這種原子化的「貨款兩訖」能力也應用至貿易融資以外。摩根大通Kinexys Digital Assets平台上線了代幣化擔保品網路(Tokenized Collateral Network),首次實現貨幣市場基金份額代幣化所有權於區塊鏈上移轉作為擔保品。該系統讓擔保品所有權可流暢移轉,免去傳統實體資產交割的繁複。迄今該平台已支援逾三千億美元當日回購(repo)交易,透過現金與代幣化擔保品交換,提供固定收益型短期融資。
The repo market provides a compelling example of how atomic settlement reduces risk. In traditional repo transactions, there is a brief window where one party has transferred securities but not yet received cash, or vice versa. This creates settlement risk that participants must manage through margins, collateral agreements, and credit limits. Atomic settlement on a shared ledger eliminates this risk entirely. Securities and cash transfer simultaneously in an indivisible transaction. Either both sides complete or neither does.

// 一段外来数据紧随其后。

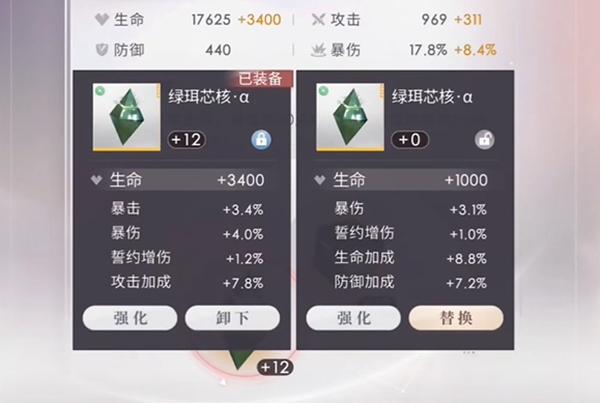 恋与深空芯核词怎么筛选 芯核词条避坑指南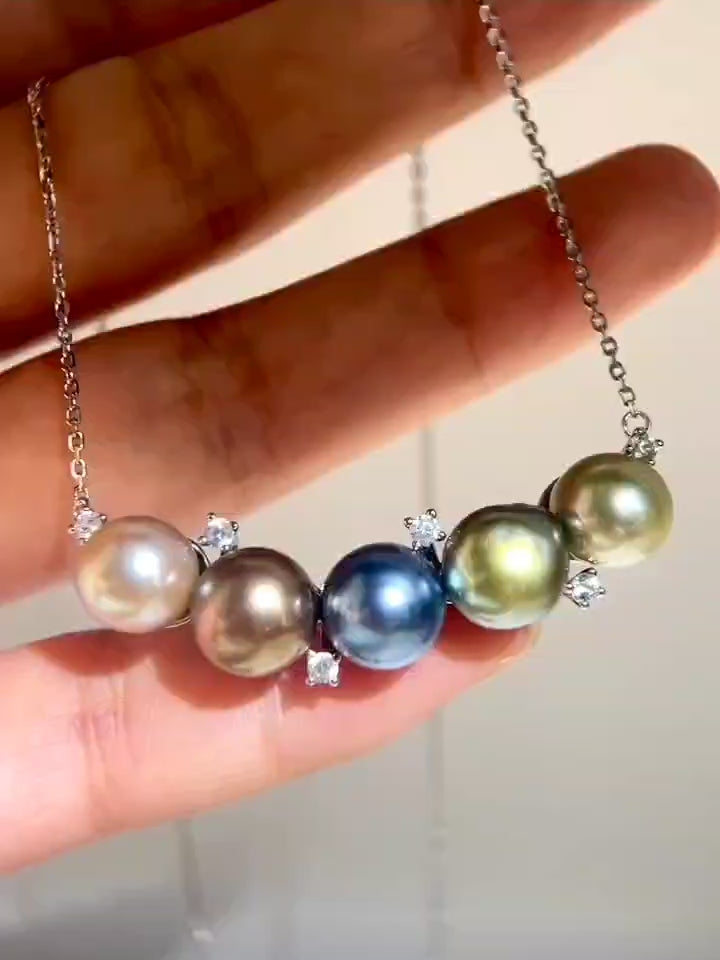 Smile Tahitian Pearls Pendant Necklace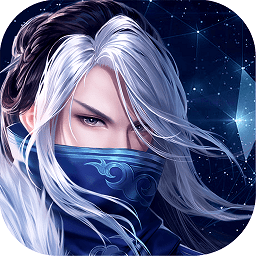 大唐无双唯美篇官方版
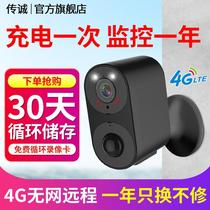 Wireless 4G monitor rechargeable battery camera plug-in-free door photography home outdoor network mobile phone remote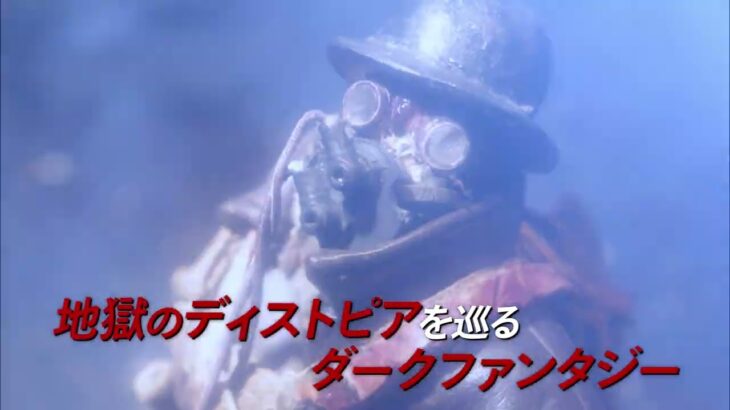 12/2(金)公開『マッドゴッド』本予告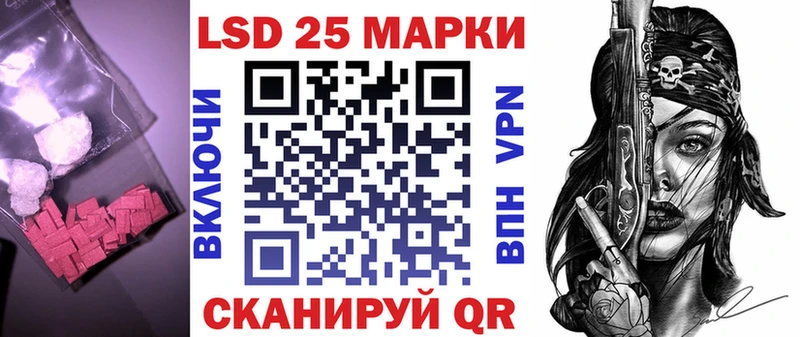 LSD-25 экстази ecstasy Белинский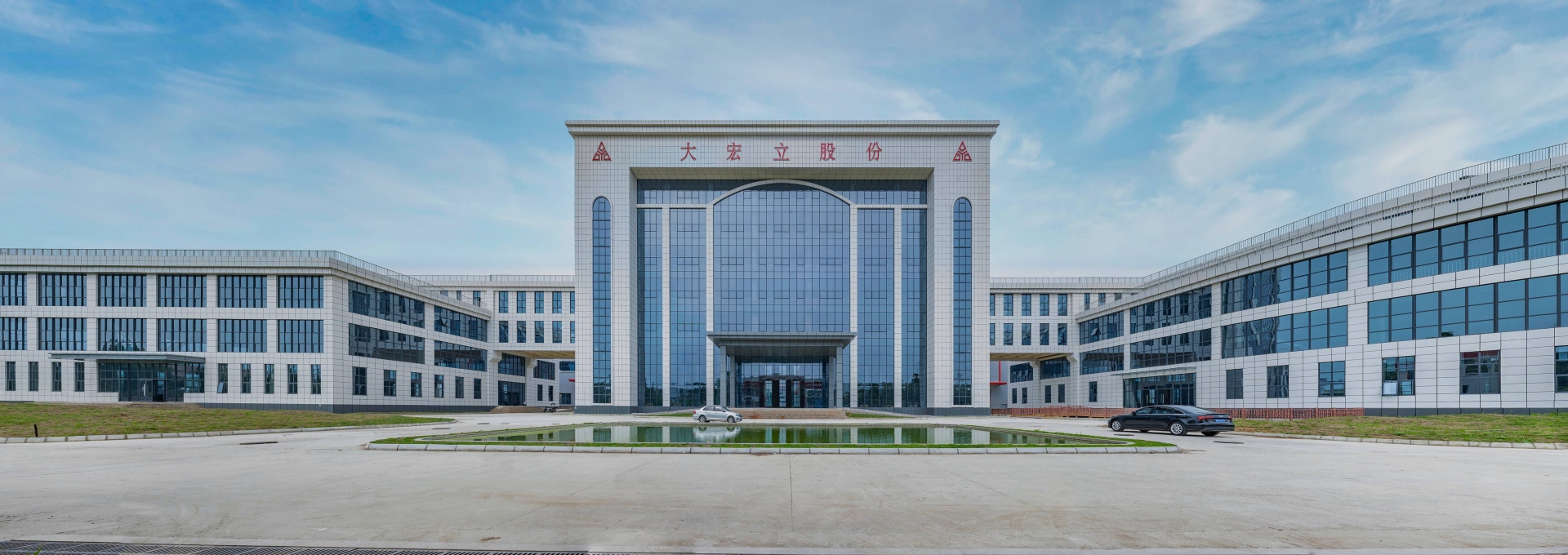 Parent company Dahongli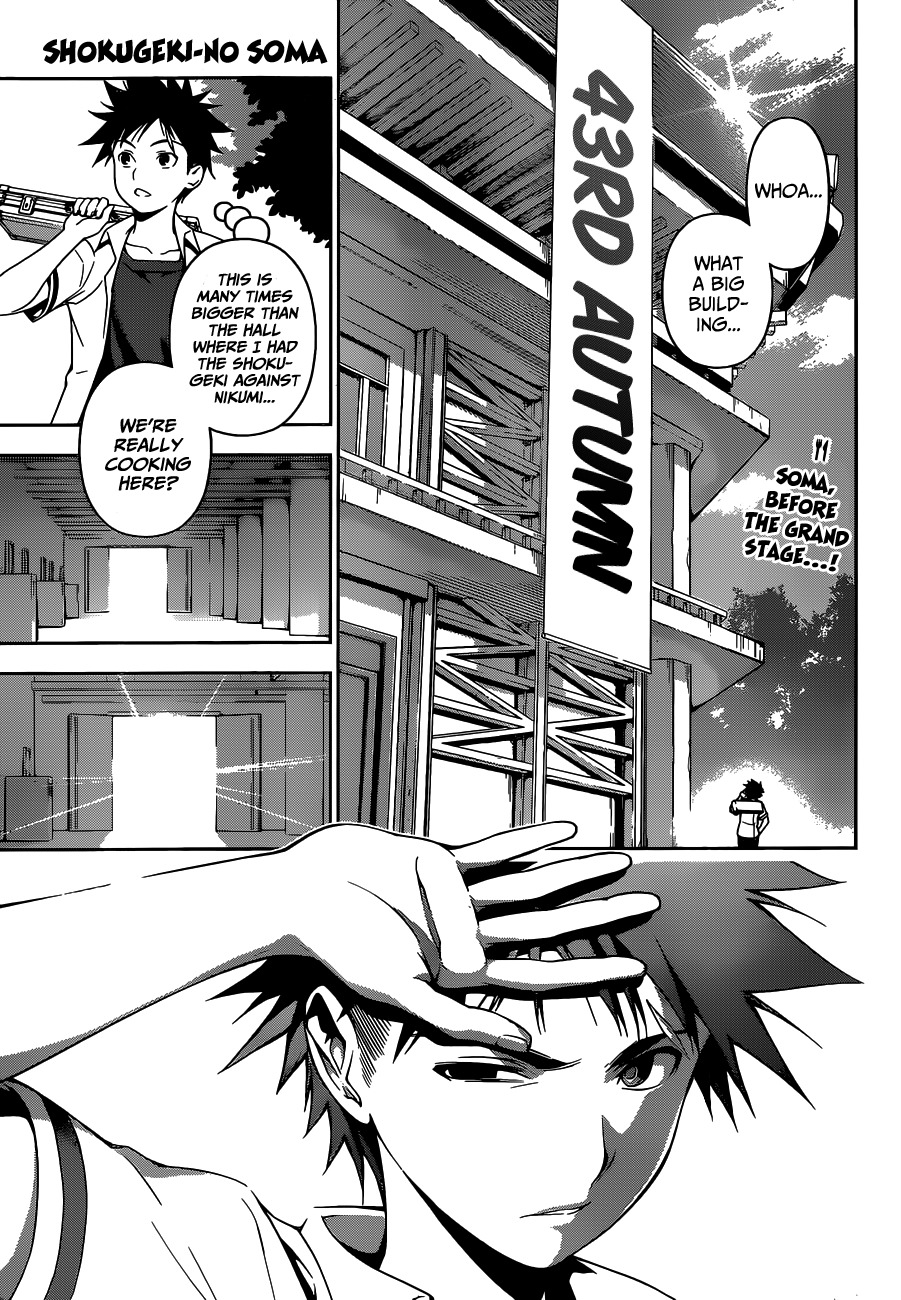 Read Shokugeki no Soma EN Manga Online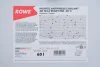 Антифриз HIGHTEC ANTIFREEZE COOLANT AN 18 LC RM -40 °С (60 L) ROWE 21177060099 (фото 1)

回購市場正好體現原子型結算如何降低風險。在傳統回購交易時,一方證券轉移但尚未收到現金、或反之,於此空窗產生結算風險,需靠保證金、擔保協議與信用額度控管。共享帳本上的原子結算徹底消除此風險,證券與現金以不可分割、同時且不可逆的單一交易完成-要嘛雙方都成交,要嘛皆作廢。
Foreign exchange settlement benefits similarly. Standard Chartered completed euro-denominated cross-border transactions between Hong Kong and Singapore using Partior's global unified ledger infrastructure, becoming the first euro settlement bank to use the platform. FX settlement risk, where a bank might pay out one currency before receiving the other, represents one of the largest intraday risk exposures in financial markets. Payment-versus-payment settlement on blockchain networks can eliminate this risk.

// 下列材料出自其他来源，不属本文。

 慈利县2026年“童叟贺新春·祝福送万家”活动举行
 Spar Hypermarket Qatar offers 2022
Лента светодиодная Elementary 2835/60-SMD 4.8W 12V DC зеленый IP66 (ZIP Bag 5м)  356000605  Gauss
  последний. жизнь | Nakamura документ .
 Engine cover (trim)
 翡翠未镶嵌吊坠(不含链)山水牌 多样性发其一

外匯結算也有類似效益。渣打銀行利用Partior的全球統一帳本基礎設施,在香港和新加坡間完成歐元計價跨境交易,成為首家使用該平台的歐元結算銀行。外匯結算風險,即銀行支付一種貨幣前未收到另一種貨幣,是傳統金融市場最大當日風險來源之一。區塊鏈上「付款對付款」(payment-versus-payment)模式可消除此風險。

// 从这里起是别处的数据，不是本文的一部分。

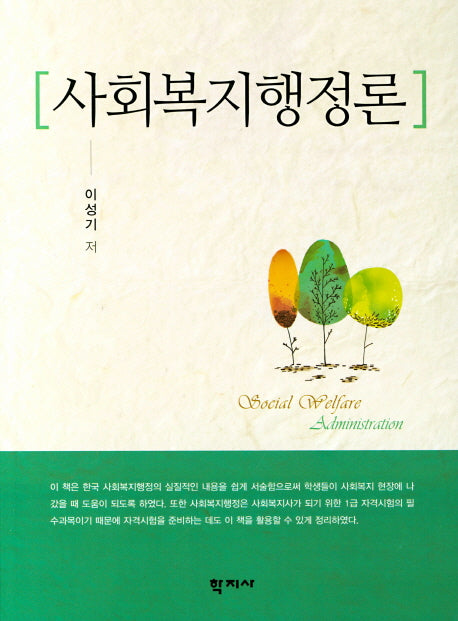 사회복지행정론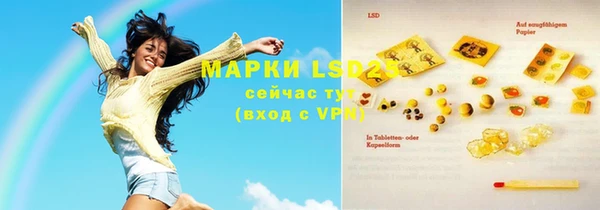 альфа пвп Елабуга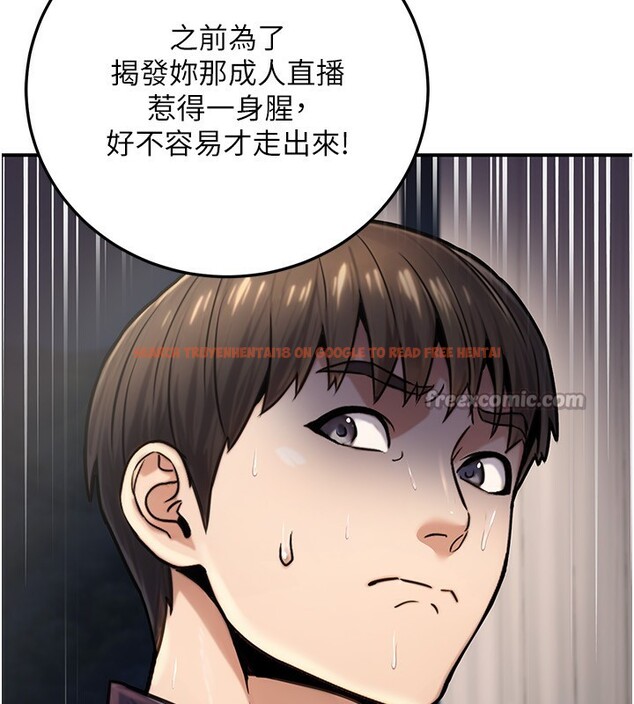 查看漫画公務員的桃色副業 - 第27話-這也是贊助任務嗎?♥ - tymanga.com中的3595535图片 查看漫画公務員的桃色副業 - 第27話-這也是贊助任務嗎?♥ - tymanga.com中的3595535图片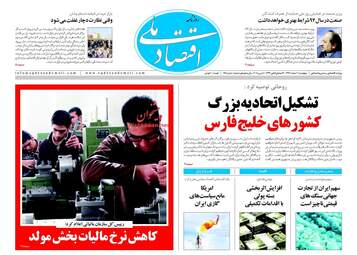 روزنامه های پنجشنبه ۱۰ اسفند ۹۶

Partior is developing payment-versus-payment capabilities for FX settlement, which offers significant promise in reducing settlement risk especially for non-mainstream currencies. Other planned features include intraday FX swaps, cross-currency repos, and programmable enterprise liquidity management, all building on the atomic settlement foundation.
Partior正開發FX結算「付款對付款」功能,對降低特別是非主流貨幣的結算風險具巨大潛力。其他規劃功能還有當日外匯互換、跨幣種回購、及可程式化的企業流動性管理,所有這些皆建基於原子性結算架構。
The technical implementation varies across platforms but shares common patterns. Transactions are submitted to the network, validated according to predefined rules, executed atomically, and recorded on the shared ledger. The validation can check balances, verify signatures, ensure compliance with payment limits or regulatory requirements, and confirm that smart contract conditions are met. The ledger update happens only if all validations pass, ensuring transaction integrity.
不同平台的技術實作雖異,但皆有共通結構:交易送交網路、依預定規則驗證、原子化執行、登錄於共享帳本。驗證程序可檢查餘額、驗署、確保符合付款上限或法規,並確認智慧合約條件達標。只有所有驗證全數通過,帳本才會更新,保障交易完整性。
Throughput, latency, and finality present important technical considerations. Public blockchains like Ethereum mainnet currently process 15-30 transactions per second with block times of 12-13 seconds, insufficient for global payment systems handling millions of transactions daily. JPMorgan chose Base for JPMD deployment partly because it offers sub-second, sub-cent transactions, dramatically better performance than Ethereum mainnet. Layer 2 scaling solutions and permissioned blockchains can achieve much higher throughput, with some systems processing thousands of transactions per second.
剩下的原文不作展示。